But Dhiraj Lama, 60, from Pisang which falls in the Annapurna Circuit, adds that the road has its flaws too.
“I used to own a small poultry farm here and was doing quite good, but now with road access, everything comes from below. As they get things for cheap, no one bought chicken from me, which is why I had to close down the farm,” he adds.
Lama also adds that due to the roads along the Annapurna Circuit, the flow of quality tourists has decreased and the NTNC agrees with him. “It has lost visitors because tourists are disturbed by the roads. No one wants to walk on a trail where bikes and jeeps pass by every 10-15 minutes,” shares Sherchan.
Lama further adds that due to the road, the trek which used to take 18 days could now be done in seven, which he shares has impacted in many lodges closing down. “In those days there was no option but to walk, but now if you’re lazy you can just drive to Upper Manang which has affected a lot of lodges in the area.”

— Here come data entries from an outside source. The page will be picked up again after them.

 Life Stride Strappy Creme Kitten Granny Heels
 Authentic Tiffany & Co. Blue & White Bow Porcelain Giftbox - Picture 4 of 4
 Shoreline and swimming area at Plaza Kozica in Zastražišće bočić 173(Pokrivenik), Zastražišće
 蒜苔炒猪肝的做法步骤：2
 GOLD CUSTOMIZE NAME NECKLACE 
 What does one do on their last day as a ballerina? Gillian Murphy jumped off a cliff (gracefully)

Opposite patterns of foreign and domestic tourists
While the road has led to a drop in foreign tourists, it has resulted in a rise in domestic tourists who didn’t trek around that area before the roads were there. As motorbikes can easily reach up to Upper Manang, the region has seen a surge in domestic tourists.
“We don’t have the actual numbers, but the area gets a lot of Nepalis nowadays, which has helped businesses there,” shares Sherchan.
“They get up there on the bikes or on jeeps which saves them time. But that said, it is advisable to spend a couple of days in Manang and get acclimatised because the risk of mountain sickness is quite high when you jump altitudes like that,” adds Jeevan Lama, a hotel owner at Manang.
“The road has been important for the improvement of local communities. But, now we have to assess how it has impacted the environment as well,” adds Sherchan.
Even though the road has been a boon for locals living in Annapurnas, for trekkers like Uri Levy, it’s been anything but.
“This was my second time doing this trek and I’d read about how it had changed. It’s such a pity that you have ruined such a scenic trail. This area was so rich in culture and heritage, which with the road will surely lead to its demise,” adds the 60-year-old Israeli.
Meanwhile, the NTNC says it is aware of this and trying to promote new trails around the trekking routes around the Annapurnas.